Catholic Social Teaching has been called the Catholic Church’s “Best Kept Secret,” because it remains largely unknown in the Catholic Church. An illustrious line of Popes from Leo XIII in 1891 to Pope Benedict XVI in 2009 have attempted to form the Catholic social conscience to encourage a Catholic response to some of the most burning issues affecting the world. Karl Marx responded to the devastation caused by the Industrial Revolution with his Communist Manifesto in 1848. The Church’s response came only forty-three years later in Pope Leo Xlll’s Rerum Novarum (Of New Things). But since then, over the last one hundred and twenty years, every Pope has attempted to exhibit, “The Concerned Face of the Church” for the world, through Papal letters, allocutions and actions. The latest was Pope Benedict XVI in 2009 in his encyclical letter Caritas in Veritate (Charity in Truth) on the crisis in the global development model that led to the economic melt-down less than a decade ago.
About the Author
Fr Desmond de Sousa is an Indian priest belonging to the Congregation of the Most Holy Redeemer popularly called the Redemptorists. Ordained in 1966, just after the close of Vatican II, he holds a Master’s degree in Social Work with specialization in social science research. He has taught Church history, Social Analysis and Catholic Social Teaching for most of his priestly life. He has lectured, conducted retreats and seminars all over the world. During his priestly life he has been involved in grassroots struggles of fishermen, farmers, migrants and many such socially marginalized groups.

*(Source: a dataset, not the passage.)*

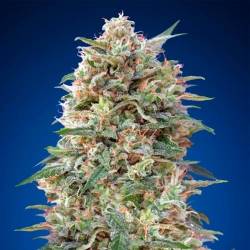 California Kush Feminizada de 00 Seeds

He was Executive Secretary of the Office of Human Development (OHD) of the Federation of Asian Bishops (FABC) for 10 years during the 1980s and co-ordinated the Asia-Pacific national offices of Caritas Internationalis. He then became Executive Secretary of the Ecumenical Coalition on Third World Tourism (ECTWT), now called Ecumenical Coalition on Tourism (ECOT), a coalition of continental Catholic and Protestant Churches of Asia, Africa, Latin America, the Caribbean, the Pacific and the Middle East Conference of Churches in the 1990s. During his tenure he participated in the setting up of ECPAT, formerly known as the global network campaigning to End Children Prostitution in Asian Tourism, now renamed End Child Prostitution and Trafficking. In this position, he has travelled widely all over the world.
Back in India over the last 20 years he has been involved in teaching and lecturing on the social dimension of the Gospel: the relevance of the Scriptures for the social issues of today. He has worked in solidarity with marginalized groups like domestic workers, migrants, seafarers and fish-workers. He is a prolific writer in newspapers, magazines and scholarly journals as well as having four resource books to his credit on varied topics like religious life, Catholic Social Teaching and solidarity with the poor.
He now lives in the Redemptorist community house in Goa, India.